• [TASK PROMPT] Since the records include pictures, leave those out while you reproduce exactly and only the lines from the one containing "<p>Napoleon wrasse, Daedalus Reef</p>" through the one containing "Curcuma aromatica 4", inclusive.

• [SUPPLIED DATA]
-*-

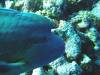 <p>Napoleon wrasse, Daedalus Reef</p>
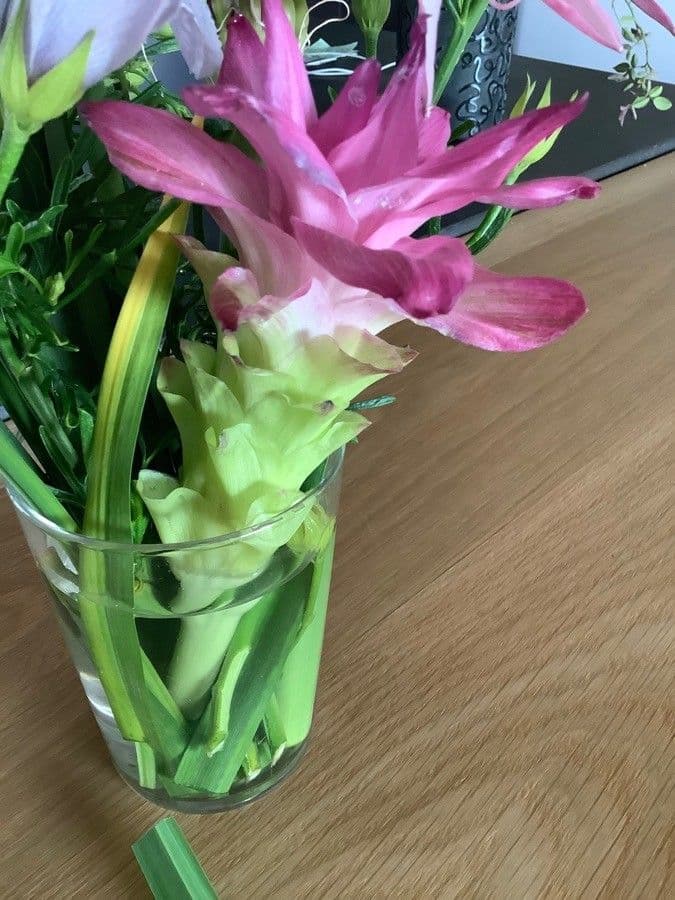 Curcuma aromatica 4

-*-

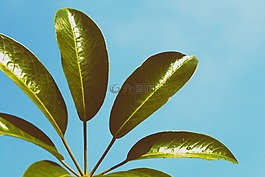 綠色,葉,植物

-*-

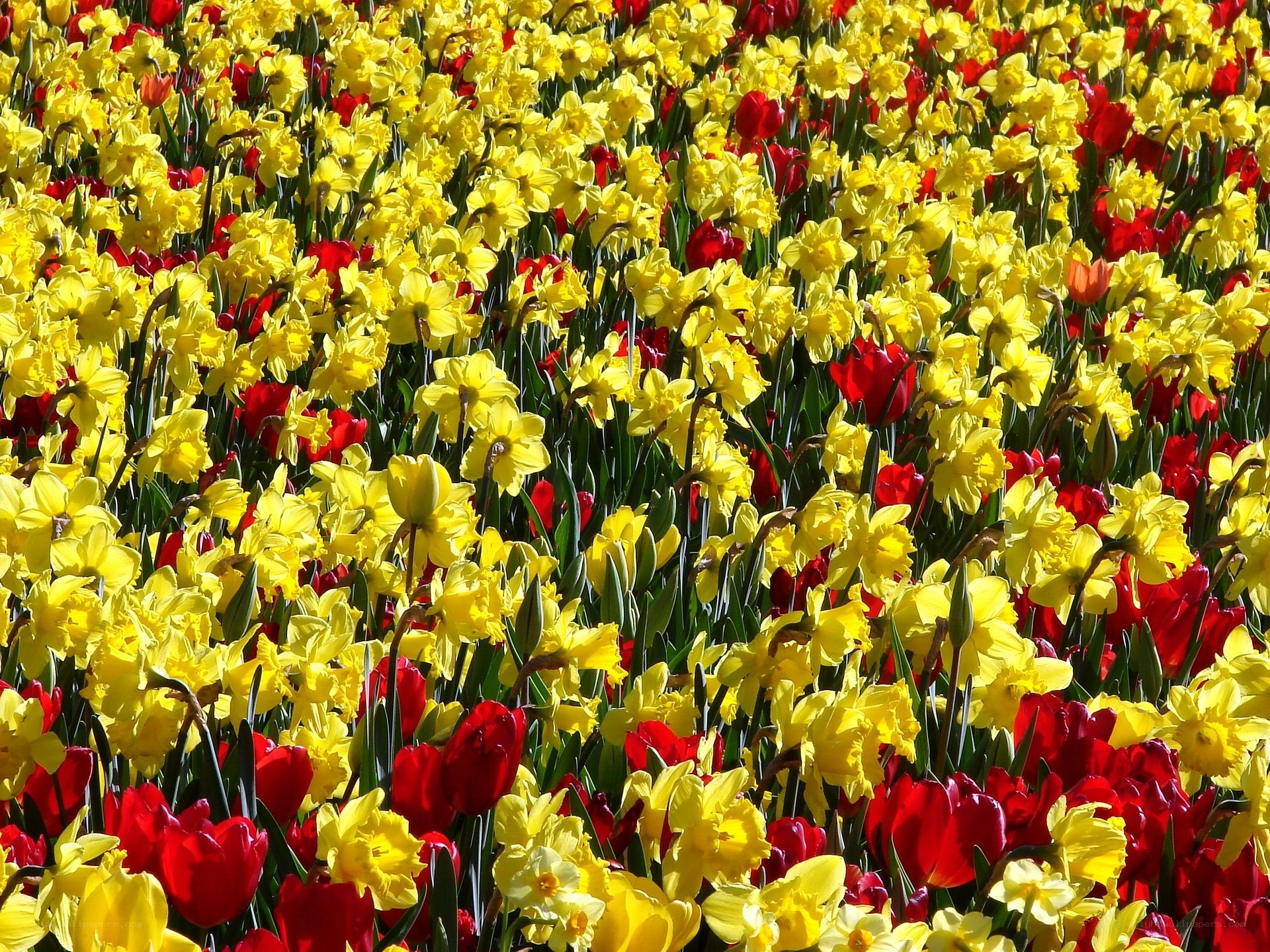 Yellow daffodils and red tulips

-*-

• [FINISHED TASK]
 <p>Napoleon wrasse, Daedalus Reef</p>
 Curcuma aromatica 4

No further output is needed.